To do
Only the lines from the one containing "Clear bowl full" to the end of the material are to be copied, exactly and in full; images stay out.

*-*-*

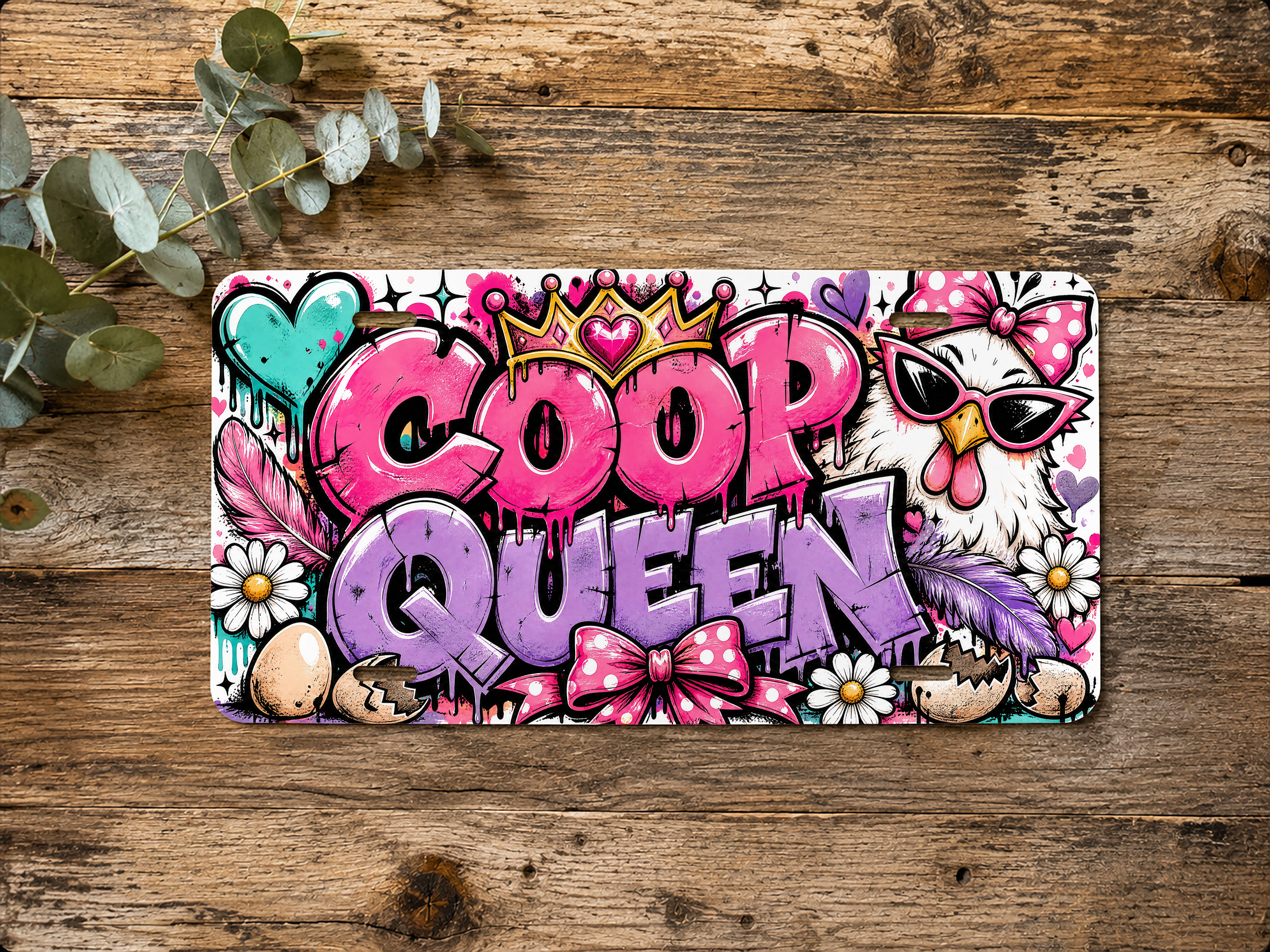 Horizontal coop queen vanity plate featuring a sunglasses-wearing chicken with a bow and bold chicken-themed artwork.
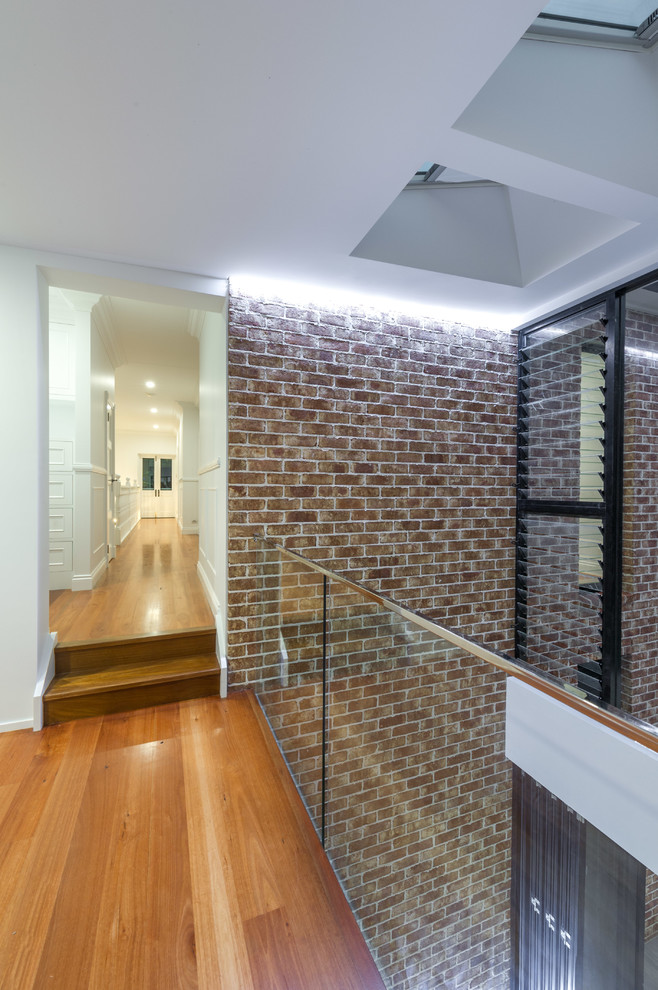 Moderner Flur mit weißer Wandfarbe und braunem Holzboden in Brisbane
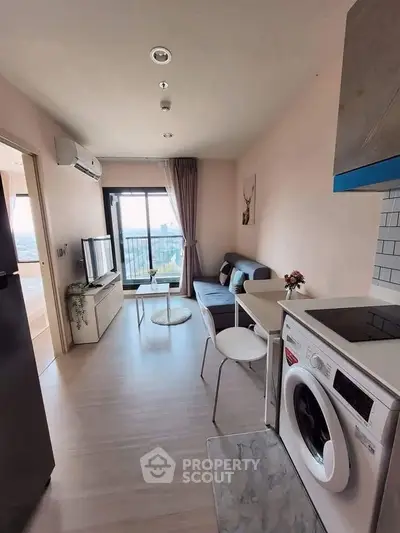 Modern living room with balcony view, stylish furniture, and in-unit washing machine in a cozy apartment.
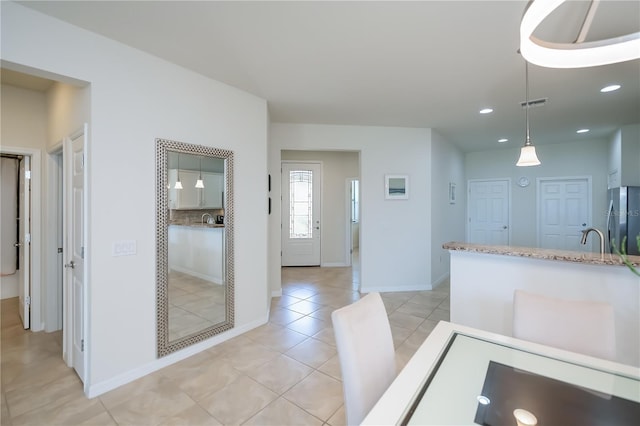 19269 Serafina St, Venice, FL 34293 - unfurnished dining area with light tile patterned floors and recessed lighting
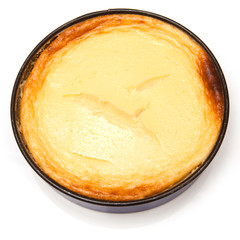 New York Cheesecake isolated on a white studio background.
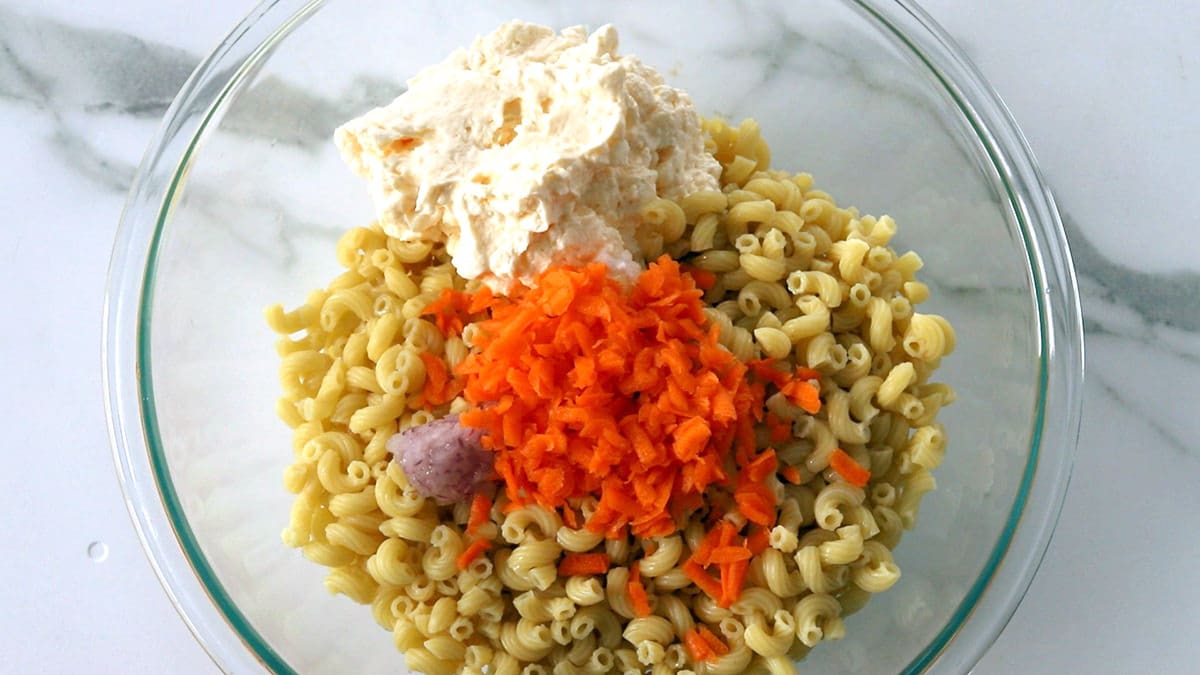 Clear bowl full of the ingredients to make Hawaiian Pasta Salad.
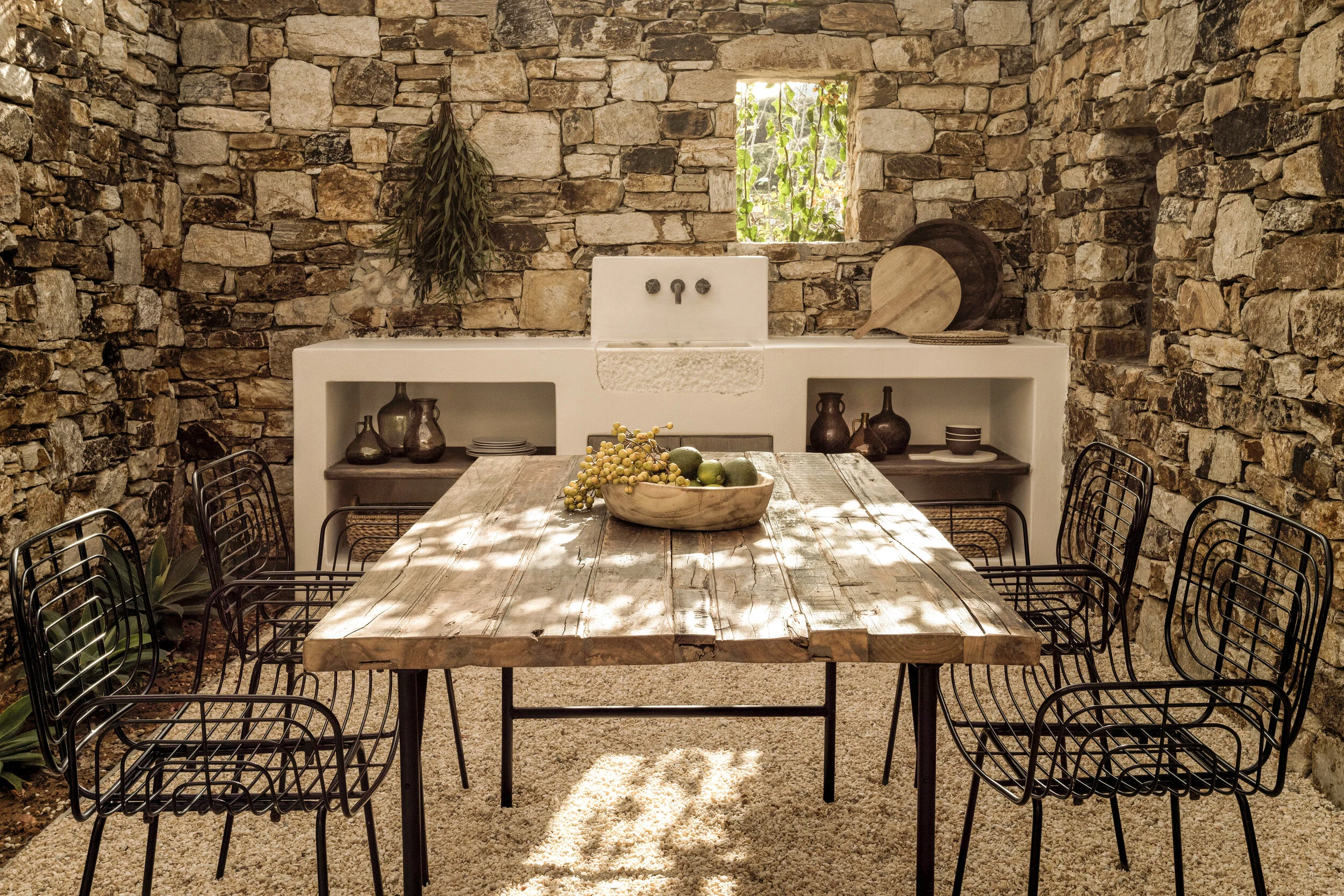 Cozy rustic dining area with wooden table and chairs under dappled sunlight.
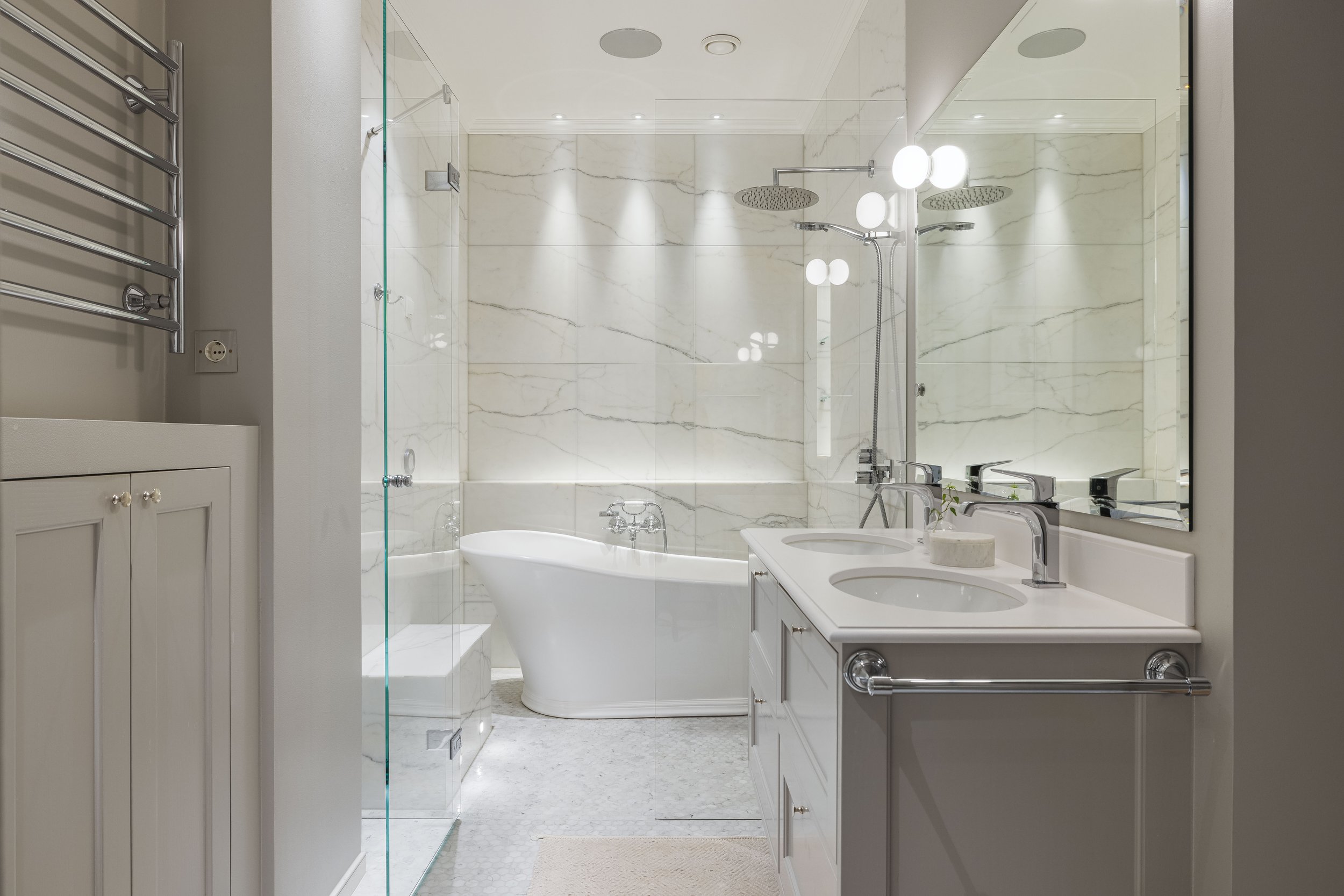 Modern bathroom with freestanding bathtub, glass shower enclosure, dual sinks, and marble tiles.
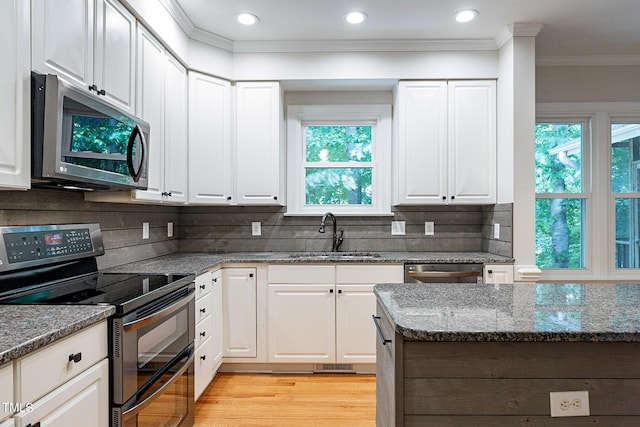 kitchen with white cabinetry and stainless steel appliances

*-*-*

Result for this exercise
 Clear bowl full of the ingredients to make Hawaiian Pasta Salad.
 Cozy rustic dining area with wooden table and chairs under dappled sunlight.
 Modern bathroom with freestanding bathtub, glass shower enclosure, dual sinks, and marble tiles.
 kitchen with white cabinetry and stainless steel appliances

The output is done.